The Chairman of the Federal Inland Revenue Service (FIRS), Mr Muhammad Mamman Nami has been accused of conniving with oil companies operating in Nigeria to evade tax remittances running into trillions of naira.
Chairman of the House of Representatives Ad-hoc Committee Investigating the Structure and Accountability of the Joint Venture (JV) Businesses and Production Sharing Contracts (PSCs) of the National Petroleum Company Limited (NNPCL), Hon.
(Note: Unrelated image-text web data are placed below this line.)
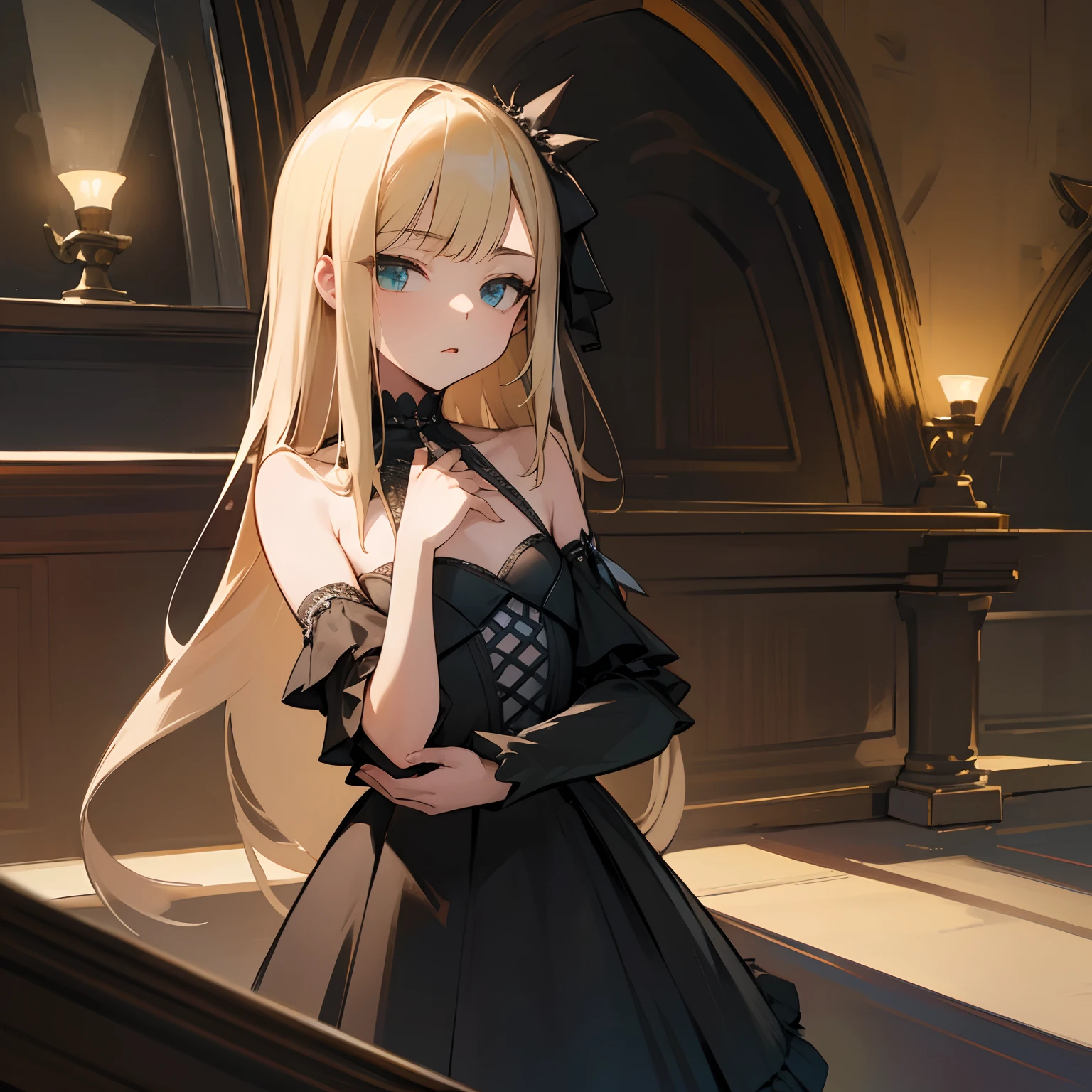 Reines, 1girl, high quality, best quality, illustration, masterpiece, (highly detailed:1.2), (extremely detailed:1.3), flat chest, bare shoulders, gothic lolita, young girl, dress, looking at viewers, short skirt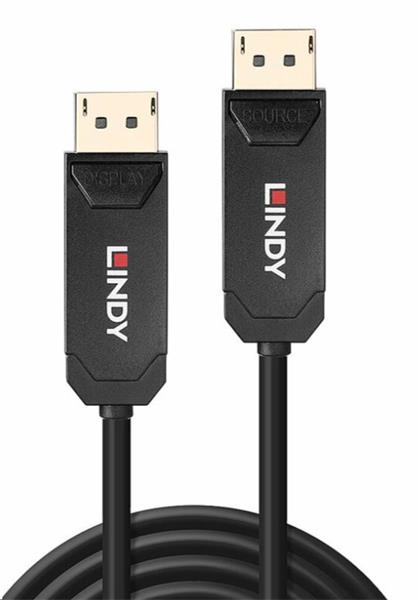 Lindy DisplayPort M/M 30m, 8K@60Hz, DP v2.0, 40Gbit/s, UHBR10, čierny, jednosmerný, aktívny, optický 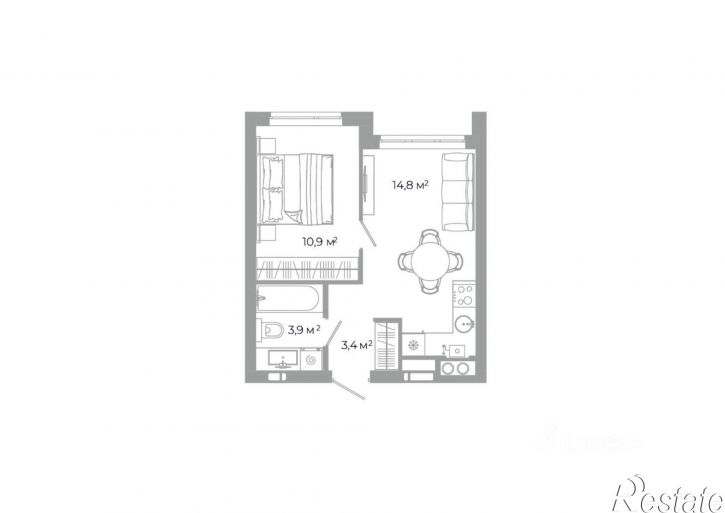 1-комн квартира в новом доме ул Латышева, 14,  д. 14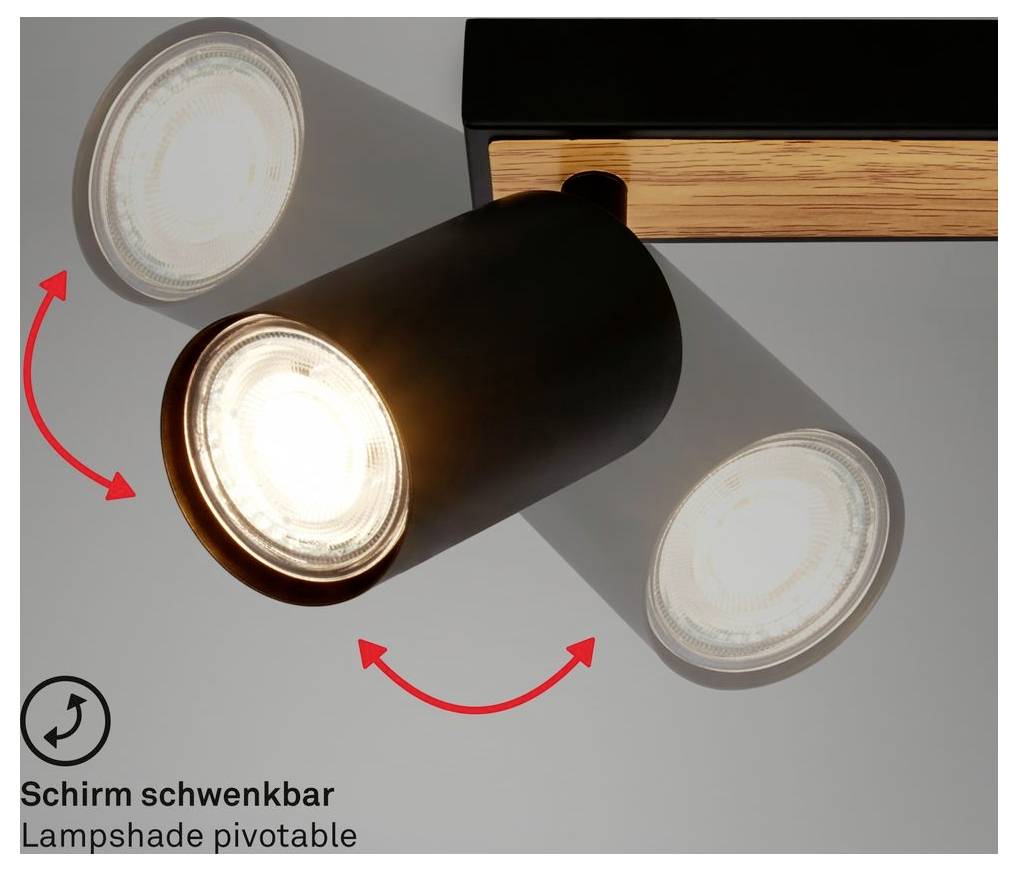Lampada spot nera regolabile con testa girevole, mostrata mentre ruota per indirizzare la luce; il testo recita "Paralume girevole" e "Schirm schwenkbar".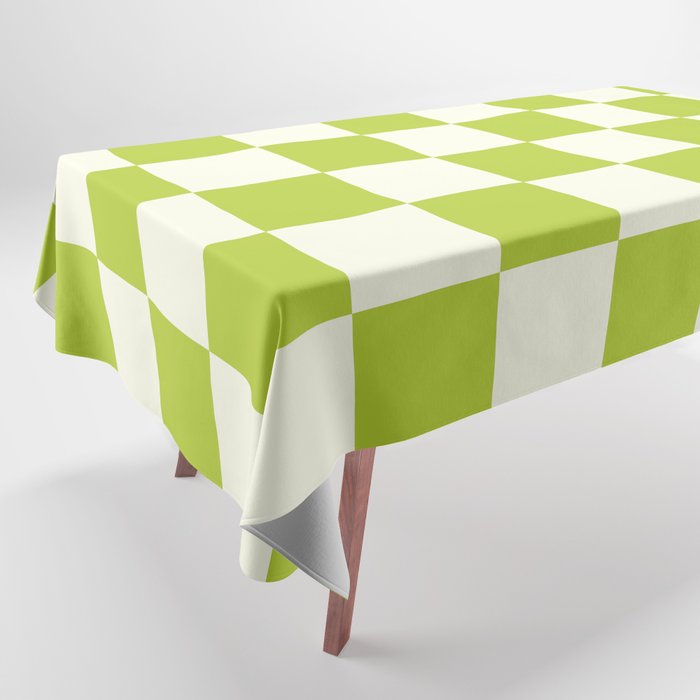 Retro vintage check: neon green and ice cream white Tablecloth Gallery Image 1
Abubakar Hassan Fulata stated this at the Committee’s sitting on Monday.
Committee Chairman and other panelists fumed at Nami’s absence despite his invitation to appear before the Committee.
They condemned the impunity of the FIRS boss, stressing that he should appear before the Committee at an adjourned date or risk being compelled to appear by Security agents, adding that the probe exercise was in line with the Constitution of the Federal Republic of Nigeria, 1999, as amended.
Reacting to questions, the representative of Chevron Nigeria Ltd, who is a Director in the Company, Monday Ovuede confirmed that they have no Certificate of Acceptance of Fixed Assets (CAFA) despite enjoying capital allowances over the years.
Ovuede led the company’s delegation to the probe panel on behalf of the Managing Director/CEO who is on leave in abroad.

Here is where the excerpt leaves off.